The Magnéli-CF-involved RS mechanism is generally of a unipolar RS (URS) nature, where the thermal motion of the ions (or vacancies) due to the Joule heating effect plays a critical role. This is especially the case when reset switching (switching from the low-resistance state or LRS to the high-resistance state or HRS) occurs, whereas set switching (switching from HRS to LRS) is more electric-field-driven albeit also thermally assisted5. Therefore, the important reset switching parameters, such as the reset voltage (VRES) and the current (IRES), can be closely related with the thermal behavior through the CF, the heat generation via the Joule heating effect and the heat dissipation through the matrix phase, which are largely determined by the geometric shape of the CF as well as its physical parameters.

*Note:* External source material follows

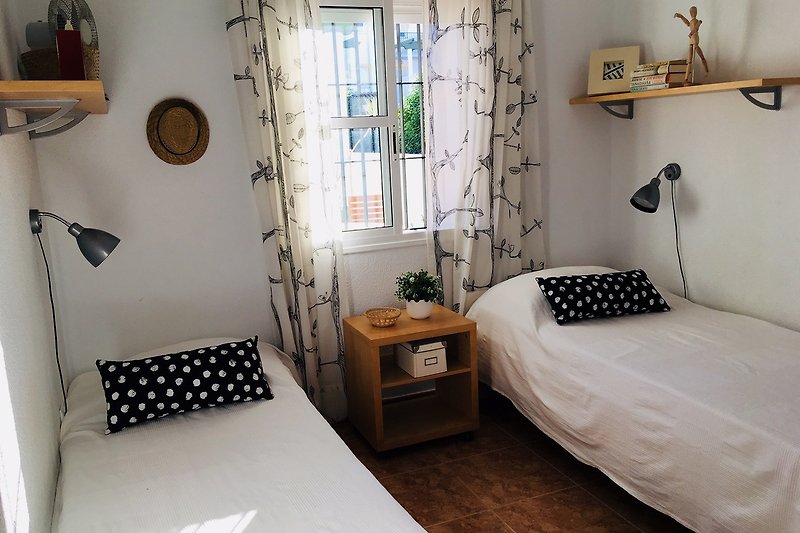 Gemütliches Schlafzimmer mit stilvoller Einrichtung und grünen Pflanzen.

Based on these ideas, the authors reported interesting variations in the VRES according to the resistance of LRS (RLRS), which represents the geometric configuration of the CF. An increase in the CF volume with increasing input set switching power (or compliance current, ICC) was achieved while the overall conical shape was maintained when the CF diameter was small (<~10 nm)12. In contrast, when the CF diameter became larger, the conical shape changed to a more cylindrical one, making the CF more symmetrical along the lengthwise direction12. While it was not explicitly mentioned in that report, the more cylindrical shape of the CF could contribute to the more random fluctuation of the RS parameters because any part of the cylindrical CF could be ruptured. In fact, this has good correspondence with the general trend in TiO2 wherein the lower the RLRS is, the higher the fluctuations in the switching parameters22. The authors further progressed in understanding the correlation between the CF shape and the switching parameters, which was summarized in the report on the correlation between the reset current (IRES) and 1/RLRS23. This model can encompass the physical implication of the random circuit breaker model, which has been used to explain the RS in NiO24.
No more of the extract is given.